O&T: Und dann kommt noch ein wichtiger Mann: der Akustiker…
Emanuela Achatz: Er spielt für den Konzertsaal-Bau eine viel größere Rolle…

Walter Achatz: … und bei der Theatersanierung sorgen wir vor Baubeginn für die Durchführung einer „Bestandsmessung“ von Nachhallzeiten, Absorptionsgraden der Oberflächen – um auch das Argument „das hat ja vorher viel besser geklungen“ nach Abschluss zu entkräften. Doch im Unterschied zum Sprech- sind im Musiktheater unterschiedliche Orchesterbesetzungen, differenzierte Gesangssituationen „normal“. Das macht es schwieriger, Bedingungen zu generieren, die für alle Sparten optimal sind.

O&T: Kommen auch noch Wünsche von Intendanten und GMD?

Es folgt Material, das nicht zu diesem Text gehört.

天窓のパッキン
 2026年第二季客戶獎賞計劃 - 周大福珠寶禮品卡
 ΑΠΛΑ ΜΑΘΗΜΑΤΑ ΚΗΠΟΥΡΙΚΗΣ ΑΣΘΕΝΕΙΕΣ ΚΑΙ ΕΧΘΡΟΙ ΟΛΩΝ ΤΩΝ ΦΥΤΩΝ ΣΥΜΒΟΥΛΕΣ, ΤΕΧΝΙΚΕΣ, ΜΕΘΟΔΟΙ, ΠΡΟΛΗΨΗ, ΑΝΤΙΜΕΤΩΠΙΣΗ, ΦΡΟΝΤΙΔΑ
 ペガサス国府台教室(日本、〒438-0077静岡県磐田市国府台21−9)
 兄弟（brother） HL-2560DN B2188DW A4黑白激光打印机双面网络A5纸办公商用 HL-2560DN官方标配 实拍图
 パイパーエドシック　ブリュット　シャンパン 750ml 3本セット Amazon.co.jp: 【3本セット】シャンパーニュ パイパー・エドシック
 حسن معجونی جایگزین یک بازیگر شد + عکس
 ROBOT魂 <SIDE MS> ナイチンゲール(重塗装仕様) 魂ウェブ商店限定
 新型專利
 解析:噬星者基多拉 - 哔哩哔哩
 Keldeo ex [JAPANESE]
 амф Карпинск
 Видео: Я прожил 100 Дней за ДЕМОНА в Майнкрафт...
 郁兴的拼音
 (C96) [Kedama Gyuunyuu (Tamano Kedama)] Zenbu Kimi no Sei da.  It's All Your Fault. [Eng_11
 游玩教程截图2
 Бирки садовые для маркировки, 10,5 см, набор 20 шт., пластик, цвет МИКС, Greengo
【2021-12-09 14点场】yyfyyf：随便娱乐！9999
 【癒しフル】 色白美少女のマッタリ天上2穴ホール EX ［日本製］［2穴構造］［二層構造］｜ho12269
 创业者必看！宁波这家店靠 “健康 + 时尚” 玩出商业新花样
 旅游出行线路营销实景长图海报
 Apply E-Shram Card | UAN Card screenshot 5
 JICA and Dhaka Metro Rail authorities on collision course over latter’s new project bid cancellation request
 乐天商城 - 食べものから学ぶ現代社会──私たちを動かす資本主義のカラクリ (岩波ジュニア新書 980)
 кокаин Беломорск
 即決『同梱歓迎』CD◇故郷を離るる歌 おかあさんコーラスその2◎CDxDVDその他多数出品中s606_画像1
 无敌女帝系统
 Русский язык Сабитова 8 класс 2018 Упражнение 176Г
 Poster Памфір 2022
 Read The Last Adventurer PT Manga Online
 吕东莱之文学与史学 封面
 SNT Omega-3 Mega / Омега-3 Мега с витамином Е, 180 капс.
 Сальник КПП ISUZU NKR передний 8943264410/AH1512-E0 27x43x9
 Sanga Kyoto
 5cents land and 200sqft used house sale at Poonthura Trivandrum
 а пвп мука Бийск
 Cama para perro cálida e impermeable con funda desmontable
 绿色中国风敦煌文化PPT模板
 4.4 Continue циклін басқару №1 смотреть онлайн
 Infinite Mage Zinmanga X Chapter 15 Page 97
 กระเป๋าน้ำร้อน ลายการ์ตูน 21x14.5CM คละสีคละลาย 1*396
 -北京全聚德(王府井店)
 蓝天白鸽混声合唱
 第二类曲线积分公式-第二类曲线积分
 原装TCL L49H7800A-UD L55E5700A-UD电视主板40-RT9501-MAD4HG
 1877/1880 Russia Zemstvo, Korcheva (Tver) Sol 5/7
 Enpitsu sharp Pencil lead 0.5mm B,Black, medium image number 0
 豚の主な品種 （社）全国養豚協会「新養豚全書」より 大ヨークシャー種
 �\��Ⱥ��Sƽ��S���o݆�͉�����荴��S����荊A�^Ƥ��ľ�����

Emanuela Achatz: Klar, aber: Sehr oft „überleben“ wir Architekten bei einer Sanierung das Führungsteam des Anfangs. Gesamt-Dauer Kammerspiele: 15 Jahre, Gärtnerplatztheater: 7 Jahre. Darum lautet ein Standardsatz meines Mannes: Wir bauen das Theater für die Stadt.
Walter Achatz: Die Arbeitsmethodik von Architekten und Theatermenschen ist eine kreative, unterscheidet sich aber in einem wesentlichen Punkt: Wir erarbeiten unsere Konzepte auf zweidimensionalen Plänen und können uns den gebauten Zustand problemlos vorstellen; Theaterleute sind gewohnt, ein Konzept im Entstehen zu verändern, Szenen umzuwerfen und neu zu interpretieren; die brauchen eine „Bau-Probe“ – das geht halt bei uns fast gar nicht…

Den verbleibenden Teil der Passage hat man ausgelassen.